*** Opening of Exercise data ***
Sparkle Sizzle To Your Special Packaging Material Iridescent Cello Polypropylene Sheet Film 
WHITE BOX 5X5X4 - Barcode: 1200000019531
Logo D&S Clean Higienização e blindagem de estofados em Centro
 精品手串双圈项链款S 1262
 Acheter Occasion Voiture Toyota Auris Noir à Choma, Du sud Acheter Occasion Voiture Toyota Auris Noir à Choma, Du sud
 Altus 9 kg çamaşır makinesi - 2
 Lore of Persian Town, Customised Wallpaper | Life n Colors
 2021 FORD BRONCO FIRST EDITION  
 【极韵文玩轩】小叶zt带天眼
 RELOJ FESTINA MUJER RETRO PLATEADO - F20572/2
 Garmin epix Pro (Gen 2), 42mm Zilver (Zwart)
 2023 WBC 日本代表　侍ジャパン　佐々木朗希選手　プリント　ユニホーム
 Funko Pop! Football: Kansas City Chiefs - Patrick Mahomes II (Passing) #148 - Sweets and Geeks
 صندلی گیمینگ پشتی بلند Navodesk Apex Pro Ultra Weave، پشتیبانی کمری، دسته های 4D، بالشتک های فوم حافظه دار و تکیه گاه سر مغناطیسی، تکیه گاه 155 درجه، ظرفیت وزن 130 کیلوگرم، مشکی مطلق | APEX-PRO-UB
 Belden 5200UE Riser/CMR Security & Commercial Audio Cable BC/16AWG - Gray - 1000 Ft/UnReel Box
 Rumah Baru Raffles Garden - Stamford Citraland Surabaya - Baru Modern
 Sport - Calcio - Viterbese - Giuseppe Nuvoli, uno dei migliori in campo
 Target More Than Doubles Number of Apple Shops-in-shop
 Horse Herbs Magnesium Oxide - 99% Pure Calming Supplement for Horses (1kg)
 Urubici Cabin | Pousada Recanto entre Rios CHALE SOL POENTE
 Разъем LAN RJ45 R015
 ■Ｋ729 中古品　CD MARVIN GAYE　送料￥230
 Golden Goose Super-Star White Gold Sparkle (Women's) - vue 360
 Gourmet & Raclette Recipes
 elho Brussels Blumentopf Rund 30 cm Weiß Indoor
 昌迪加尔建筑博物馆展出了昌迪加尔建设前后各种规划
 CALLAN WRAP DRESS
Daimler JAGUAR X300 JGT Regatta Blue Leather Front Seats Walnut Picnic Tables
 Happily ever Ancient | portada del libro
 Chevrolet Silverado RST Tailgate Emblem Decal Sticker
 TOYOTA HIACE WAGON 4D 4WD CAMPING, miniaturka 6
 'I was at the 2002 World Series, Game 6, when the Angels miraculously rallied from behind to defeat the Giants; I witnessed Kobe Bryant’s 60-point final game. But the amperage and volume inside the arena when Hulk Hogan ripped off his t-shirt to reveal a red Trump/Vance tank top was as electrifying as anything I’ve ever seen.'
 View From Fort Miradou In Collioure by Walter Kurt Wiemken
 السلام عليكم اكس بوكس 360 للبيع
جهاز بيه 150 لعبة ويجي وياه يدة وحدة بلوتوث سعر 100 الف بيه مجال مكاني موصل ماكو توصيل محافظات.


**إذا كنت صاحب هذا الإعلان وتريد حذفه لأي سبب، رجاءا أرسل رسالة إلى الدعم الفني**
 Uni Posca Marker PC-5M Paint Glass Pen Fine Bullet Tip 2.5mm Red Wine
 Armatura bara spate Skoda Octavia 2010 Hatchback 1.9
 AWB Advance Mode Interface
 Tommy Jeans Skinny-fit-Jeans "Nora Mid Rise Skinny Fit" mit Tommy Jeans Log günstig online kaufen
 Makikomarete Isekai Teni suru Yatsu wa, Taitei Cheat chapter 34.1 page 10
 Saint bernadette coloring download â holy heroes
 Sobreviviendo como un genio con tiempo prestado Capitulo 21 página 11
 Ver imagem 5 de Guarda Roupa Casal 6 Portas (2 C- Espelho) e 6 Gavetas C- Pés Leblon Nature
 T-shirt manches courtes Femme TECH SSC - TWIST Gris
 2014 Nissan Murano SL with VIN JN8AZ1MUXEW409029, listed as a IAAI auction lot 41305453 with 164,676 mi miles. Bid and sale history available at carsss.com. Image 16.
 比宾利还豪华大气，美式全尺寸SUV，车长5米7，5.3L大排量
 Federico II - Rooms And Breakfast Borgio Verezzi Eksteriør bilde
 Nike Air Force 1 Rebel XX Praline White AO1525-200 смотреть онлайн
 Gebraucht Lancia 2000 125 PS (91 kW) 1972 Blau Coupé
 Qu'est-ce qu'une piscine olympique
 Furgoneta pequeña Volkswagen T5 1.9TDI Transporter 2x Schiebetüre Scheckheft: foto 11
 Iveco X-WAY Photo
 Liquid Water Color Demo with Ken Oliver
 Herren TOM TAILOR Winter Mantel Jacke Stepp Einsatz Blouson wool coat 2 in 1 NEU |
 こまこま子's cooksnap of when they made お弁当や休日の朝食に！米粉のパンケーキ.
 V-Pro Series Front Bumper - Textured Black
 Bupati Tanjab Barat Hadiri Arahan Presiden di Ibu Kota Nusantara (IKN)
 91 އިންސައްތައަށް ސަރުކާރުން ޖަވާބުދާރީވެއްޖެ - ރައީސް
*** Close of Exercise data ***
*What is required*:
The task requires an exact transcription of all the data.

*Answer section*:
Sparkle Sizzle To Your Special Packaging Material Iridescent Cello Polypropylene Sheet Film 
WHITE BOX 5X5X4 - Barcode: 1200000019531
Logo D&S Clean Higienização e blindagem de estofados em Centro
 精品手串双圈项链款S 1262
 Acheter Occasion Voiture Toyota Auris Noir à Choma, Du sud Acheter Occasion Voiture Toyota Auris Noir à Choma, Du sud
 Altus 9 kg çamaşır makinesi - 2
 Lore of Persian Town, Customised Wallpaper | Life n Colors
 2021 FORD BRONCO FIRST EDITION  
 【极韵文玩轩】小叶zt带天眼
 RELOJ FESTINA MUJER RETRO PLATEADO - F20572/2
 Garmin epix Pro (Gen 2), 42mm Zilver (Zwart)
 2023 WBC 日本代表　侍ジャパン　佐々木朗希選手　プリント　ユニホーム
 Funko Pop! Football: Kansas City Chiefs - Patrick Mahomes II (Passing) #148 - Sweets and Geeks
 صندلی گیمینگ پشتی بلند Navodesk Apex Pro Ultra Weave، پشتیبانی کمری، دسته های 4D، بالشتک های فوم حافظه دار و تکیه گاه سر مغناطیسی، تکیه گاه 155 درجه، ظرفیت وزن 130 کیلوگرم، مشکی مطلق | APEX-PRO-UB
 Belden 5200UE Riser/CMR Security & Commercial Audio Cable BC/16AWG - Gray - 1000 Ft/UnReel Box
 Rumah Baru Raffles Garden - Stamford Citraland Surabaya - Baru Modern
 Sport - Calcio - Viterbese - Giuseppe Nuvoli, uno dei migliori in campo
 Target More Than Doubles Number of Apple Shops-in-shop
 Horse Herbs Magnesium Oxide - 99% Pure Calming Supplement for Horses (1kg)
 Urubici Cabin | Pousada Recanto entre Rios CHALE SOL POENTE
 Разъем LAN RJ45 R015
 ■Ｋ729 中古品　CD MARVIN GAYE　送料￥230
 Golden Goose Super-Star White Gold Sparkle (Women's) - vue 360
 Gourmet & Raclette Recipes
 elho Brussels Blumentopf Rund 30 cm Weiß Indoor
 昌迪加尔建筑博物馆展出了昌迪加尔建设前后各种规划
 CALLAN WRAP DRESS
Daimler JAGUAR X300 JGT Regatta Blue Leather Front Seats Walnut Picnic Tables
 Happily ever Ancient | portada del libro
 Chevrolet Silverado RST Tailgate Emblem Decal Sticker
 TOYOTA HIACE WAGON 4D 4WD CAMPING, miniaturka 6
 'I was at the 2002 World Series, Game 6, when the Angels miraculously rallied from behind to defeat the Giants; I witnessed Kobe Bryant’s 60-point final game. But the amperage and volume inside the arena when Hulk Hogan ripped off his t-shirt to reveal a red Trump/Vance tank top was as electrifying as anything I’ve ever seen.'
 View From Fort Miradou In Collioure by Walter Kurt Wiemken
 السلام عليكم اكس بوكس 360 للبيع
جهاز بيه 150 لعبة ويجي وياه يدة وحدة بلوتوث سعر 100 الف بيه مجال مكاني موصل ماكو توصيل محافظات.


**إذا كنت صاحب هذا الإعلان وتريد حذفه لأي سبب، رجاءا أرسل رسالة إلى الدعم الفني**
 Uni Posca Marker PC-5M Paint Glass Pen Fine Bullet Tip 2.5mm Red Wine
 Armatura bara spate Skoda Octavia 2010 Hatchback 1.9
 AWB Advance Mode Interface
 Tommy Jeans Skinny-fit-Jeans "Nora Mid Rise Skinny Fit" mit Tommy Jeans Log günstig online kaufen
 Makikomarete Isekai Teni suru Yatsu wa, Taitei Cheat chapter 34.1 page 10
 Saint bernadette coloring download â holy heroes
 Sobreviviendo como un genio con tiempo prestado Capitulo 21 página 11
 Ver imagem 5 de Guarda Roupa Casal 6 Portas (2 C- Espelho) e 6 Gavetas C- Pés Leblon Nature
 T-shirt manches courtes Femme TECH SSC - TWIST Gris
 2014 Nissan Murano SL with VIN JN8AZ1MUXEW409029, listed as a IAAI auction lot 41305453 with 164,676 mi miles. Bid and sale history available at carsss.com. Image 16.
 比宾利还豪华大气，美式全尺寸SUV，车长5米7，5.3L大排量
 Federico II - Rooms And Breakfast Borgio Verezzi Eksteriør bilde
 Nike Air Force 1 Rebel XX Praline White AO1525-200 смотреть онлайн
 Gebraucht Lancia 2000 125 PS (91 kW) 1972 Blau Coupé
 Qu'est-ce qu'une piscine olympique
 Furgoneta pequeña Volkswagen T5 1.9TDI Transporter 2x Schiebetüre Scheckheft: foto 11
 Iveco X-WAY Photo
 Liquid Water Color Demo with Ken Oliver
 Herren TOM TAILOR Winter Mantel Jacke Stepp Einsatz Blouson wool coat 2 in 1 NEU |
 こまこま子's cooksnap of when they made お弁当や休日の朝食に！米粉のパンケーキ.
 V-Pro Series Front Bumper - Textured Black
 Bupati Tanjab Barat Hadiri Arahan Presiden di Ibu Kota Nusantara (IKN)
 91 އިންސައްތައަށް ސަރުކާރުން ޖަވާބުދާރީވެއްޖެ - ރައީސް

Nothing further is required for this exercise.